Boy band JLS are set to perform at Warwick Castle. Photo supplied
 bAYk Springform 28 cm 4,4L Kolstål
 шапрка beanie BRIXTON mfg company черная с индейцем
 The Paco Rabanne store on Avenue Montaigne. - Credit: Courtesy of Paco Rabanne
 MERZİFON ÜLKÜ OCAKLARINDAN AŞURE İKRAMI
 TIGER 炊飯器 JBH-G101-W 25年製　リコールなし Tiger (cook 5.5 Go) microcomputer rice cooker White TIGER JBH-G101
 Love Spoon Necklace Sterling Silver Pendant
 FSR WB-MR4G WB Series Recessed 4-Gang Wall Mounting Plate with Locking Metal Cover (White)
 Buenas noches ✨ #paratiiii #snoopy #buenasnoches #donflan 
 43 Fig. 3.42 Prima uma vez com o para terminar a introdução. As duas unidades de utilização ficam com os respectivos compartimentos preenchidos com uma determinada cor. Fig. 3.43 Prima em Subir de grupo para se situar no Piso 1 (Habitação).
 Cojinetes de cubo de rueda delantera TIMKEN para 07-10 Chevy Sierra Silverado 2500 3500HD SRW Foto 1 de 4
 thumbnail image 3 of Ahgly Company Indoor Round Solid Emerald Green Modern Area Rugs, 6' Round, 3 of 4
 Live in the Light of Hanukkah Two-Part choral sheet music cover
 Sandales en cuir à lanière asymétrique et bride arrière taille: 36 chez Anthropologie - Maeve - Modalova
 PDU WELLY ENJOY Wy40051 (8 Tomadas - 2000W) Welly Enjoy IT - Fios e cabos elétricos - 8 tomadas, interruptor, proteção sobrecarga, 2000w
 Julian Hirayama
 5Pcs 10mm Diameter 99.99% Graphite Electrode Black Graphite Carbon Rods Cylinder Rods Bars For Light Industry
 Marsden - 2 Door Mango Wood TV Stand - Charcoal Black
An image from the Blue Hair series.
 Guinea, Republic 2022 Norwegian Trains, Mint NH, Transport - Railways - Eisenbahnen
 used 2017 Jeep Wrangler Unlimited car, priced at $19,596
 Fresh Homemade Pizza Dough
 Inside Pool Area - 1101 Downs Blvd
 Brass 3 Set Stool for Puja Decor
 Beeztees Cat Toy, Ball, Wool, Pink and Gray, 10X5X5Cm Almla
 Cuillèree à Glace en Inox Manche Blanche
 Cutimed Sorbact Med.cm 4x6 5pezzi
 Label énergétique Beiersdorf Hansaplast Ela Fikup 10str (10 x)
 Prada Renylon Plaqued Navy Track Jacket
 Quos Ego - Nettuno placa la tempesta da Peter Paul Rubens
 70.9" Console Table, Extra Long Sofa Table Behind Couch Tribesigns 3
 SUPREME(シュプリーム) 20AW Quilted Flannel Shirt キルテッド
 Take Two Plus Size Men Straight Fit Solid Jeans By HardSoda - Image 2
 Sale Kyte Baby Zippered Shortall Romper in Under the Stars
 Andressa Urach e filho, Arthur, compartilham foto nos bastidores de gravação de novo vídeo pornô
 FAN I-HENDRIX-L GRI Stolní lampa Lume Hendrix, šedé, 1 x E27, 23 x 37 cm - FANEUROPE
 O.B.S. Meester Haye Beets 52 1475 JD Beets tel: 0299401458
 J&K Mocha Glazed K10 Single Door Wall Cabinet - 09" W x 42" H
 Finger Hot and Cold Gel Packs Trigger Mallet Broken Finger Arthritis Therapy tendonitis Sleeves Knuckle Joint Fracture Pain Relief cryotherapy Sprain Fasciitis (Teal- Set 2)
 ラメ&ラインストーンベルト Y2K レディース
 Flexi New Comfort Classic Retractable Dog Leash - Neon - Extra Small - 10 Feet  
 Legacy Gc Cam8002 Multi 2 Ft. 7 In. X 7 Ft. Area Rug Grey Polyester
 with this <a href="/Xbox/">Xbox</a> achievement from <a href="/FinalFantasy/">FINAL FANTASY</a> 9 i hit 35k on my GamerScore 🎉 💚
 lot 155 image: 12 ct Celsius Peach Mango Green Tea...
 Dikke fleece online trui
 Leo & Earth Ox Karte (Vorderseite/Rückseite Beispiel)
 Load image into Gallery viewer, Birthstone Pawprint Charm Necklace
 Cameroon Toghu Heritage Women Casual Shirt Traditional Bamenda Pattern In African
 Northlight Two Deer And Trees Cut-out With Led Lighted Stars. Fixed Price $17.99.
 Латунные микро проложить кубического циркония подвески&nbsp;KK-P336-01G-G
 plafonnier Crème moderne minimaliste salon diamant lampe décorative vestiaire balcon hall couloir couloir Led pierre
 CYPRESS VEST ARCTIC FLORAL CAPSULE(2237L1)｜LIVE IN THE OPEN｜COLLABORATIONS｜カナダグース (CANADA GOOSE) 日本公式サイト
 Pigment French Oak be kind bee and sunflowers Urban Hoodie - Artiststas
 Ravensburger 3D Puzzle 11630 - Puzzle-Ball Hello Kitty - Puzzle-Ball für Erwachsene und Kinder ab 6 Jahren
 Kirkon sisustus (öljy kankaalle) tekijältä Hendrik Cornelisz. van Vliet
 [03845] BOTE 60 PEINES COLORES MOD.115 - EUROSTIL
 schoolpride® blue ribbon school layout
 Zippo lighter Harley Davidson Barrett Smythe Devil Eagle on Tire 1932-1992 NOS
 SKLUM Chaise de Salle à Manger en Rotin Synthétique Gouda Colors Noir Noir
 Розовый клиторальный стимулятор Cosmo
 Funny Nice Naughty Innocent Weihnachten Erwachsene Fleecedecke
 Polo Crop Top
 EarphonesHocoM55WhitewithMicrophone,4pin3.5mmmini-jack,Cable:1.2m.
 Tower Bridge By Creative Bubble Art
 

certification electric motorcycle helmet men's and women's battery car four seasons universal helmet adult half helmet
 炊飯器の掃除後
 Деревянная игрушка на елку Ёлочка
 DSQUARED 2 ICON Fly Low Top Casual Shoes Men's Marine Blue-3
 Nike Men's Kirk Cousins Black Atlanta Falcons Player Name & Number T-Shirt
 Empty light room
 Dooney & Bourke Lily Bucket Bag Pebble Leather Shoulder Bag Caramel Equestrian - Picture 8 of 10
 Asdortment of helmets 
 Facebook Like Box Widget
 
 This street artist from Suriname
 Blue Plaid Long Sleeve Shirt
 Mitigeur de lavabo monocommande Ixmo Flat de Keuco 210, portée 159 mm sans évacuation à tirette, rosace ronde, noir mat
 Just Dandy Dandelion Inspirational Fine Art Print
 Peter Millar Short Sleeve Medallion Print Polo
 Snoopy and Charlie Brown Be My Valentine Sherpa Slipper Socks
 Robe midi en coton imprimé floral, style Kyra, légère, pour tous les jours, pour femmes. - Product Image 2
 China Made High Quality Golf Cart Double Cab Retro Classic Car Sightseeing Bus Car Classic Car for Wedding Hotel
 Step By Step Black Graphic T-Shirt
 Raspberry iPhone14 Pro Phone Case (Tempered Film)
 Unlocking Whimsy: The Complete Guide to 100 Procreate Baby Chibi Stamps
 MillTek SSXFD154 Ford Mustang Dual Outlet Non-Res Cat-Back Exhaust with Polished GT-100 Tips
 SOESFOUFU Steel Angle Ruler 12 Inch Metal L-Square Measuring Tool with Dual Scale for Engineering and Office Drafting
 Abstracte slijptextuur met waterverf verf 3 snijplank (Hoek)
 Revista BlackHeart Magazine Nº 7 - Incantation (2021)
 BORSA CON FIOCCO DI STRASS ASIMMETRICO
--
**Goal of the exercise**
In the listing above, find the line with "5Pcs 10mm Diameter" and the line with "Guinea, Republic 2022". Output those two lines and every line between them, exactly as written.

**Written response**
 5Pcs 10mm Diameter 99.99% Graphite Electrode Black Graphite Carbon Rods Cylinder Rods Bars For Light Industry
 Marsden - 2 Door Mango Wood TV Stand - Charcoal Black
An image from the Blue Hair series.
 Guinea, Republic 2022 Norwegian Trains, Mint NH, Transport - Railways - Eisenbahnen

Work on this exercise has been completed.